À la lumière de ces faits, nous avons utilisé une variable fondée sur trois périodes correspondant à des environnements sociaux et juridiques différents issus des changements mentionnés précédemment. La première s'étend de 1974 à 1983, inclusivement – elle commence avant l'adoption de politiques favorables à l'inculpation et aux poursuites au Canada et englobe le moment de cette adoption. La deuxième période couvre 13 ans et va de 1984 à 1996 – elle vient après la mise en œuvre des politiques en question et se termine l'année de l'adoption du projet de loi C-41, c'est-à-dire 1996. Enfin, la dernière période compte six ans (1997 à 2002) – elle comprend les années qui ont suivi l'adoption du projet de loi C-41 et l'entrée en vigueur des modifications qu'il apportait au Code criminel.
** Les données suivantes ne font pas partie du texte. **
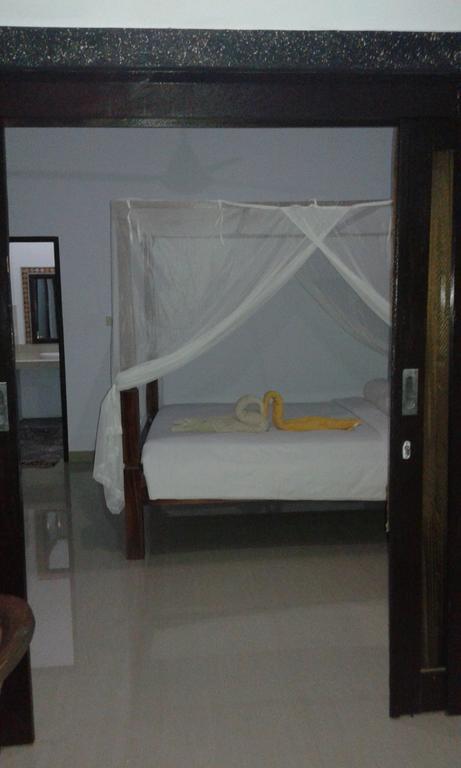 Kadek Homestay アメッド エクステリア 写真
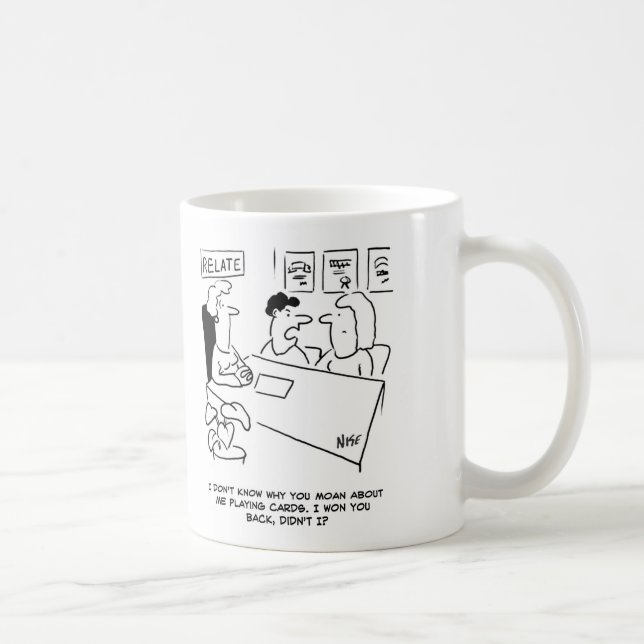 Mug Une femme se plaint qu'il joue aux cartes (Droite)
Comme l'indique le tableau 3.3, 38 % des affaires comprises dans notre échantillon ont été traitées pendant la première de ces périodes, 51 %, pendant la deuxième, et 11 % pendant la troisième, c'est-à-dire la plus récente[19].

Sexe

Si l'importance accordée à la relation intime par la justice pénale constitue l'objet de notre étude, il existe un lien étroit entre celle-ci et le sexe des protagonistes dans les crimes qui sont des cas de violence interpersonnelle; nous avons donc examiné les effets distincts et combinés du sexe de la victime et de l'accusé. L'une des constatations qui se dégagent de façon assez constante des études portant sur la détermination de la peine est que, chez les adultes, les délinquantes sont traitées avec plus de clémence que les délinquants (voir les articles suivants : Bickle et Peterson, 1991; Daly et Bordt, 1995; Odubekun, 1992; Steffensmeier et coll., 1993). En revanche, on a observé moins de différences en fonction du sexe dans les études portant sur les cas de non-lieu et de condamnations (Nagel et Hagan, 1982). Toutefois, des études antérieures sur la prise de décisions au sein du système de justice pénale ont examiné la question du sexe de l'accusé, mais il faut prendre en compte à la fois le sexe de l'accusé et celui de la victime pour évaluer isolément les différents effets de l'existence d'une relation intime (Felson et coll., 1999). Par exemple, les victimes et les agresseurs des femmes sont surtout des membres de la famille, particulièrement des partenaires intimes de sexe masculin, alors que, en ce qui concerne les hommes, victimes comme agresseurs sont principalement d'autres hommes, qu'il s'agisse ou non d'étrangers (Browne et Williams, 1989; Reiss et Roth, 1993). En outre, il a été démontré que le sexe de la victime a une incidence sur les résultats du processus pénal dans les cas d'homicides (Gross et Mauro, 1989; Rapaport, 1991) ainsi que sur la sévérité du verdict (Farrell et Swigert, 1986; Williams, 1976). Afin de d'évaluer les effets possibles du sexe sur la peine imposée, nous avons fait appel à une variable assignée pour prendre en considération le fait que l'accusé est un homme ou une femme. Conformément aux résultats des études antérieures portant sur les différences entre les sexes dans les cas de crime de violence, il ressort que les hommes forment la majorité (89 %) des accusés de notre échantillon. Nous avons également utilisé une variable pour tenir compte du fait que la victime était un homme ou une femme. Dans notre échantillon, les hommes représentaient un peu plus de 70 % des victimes.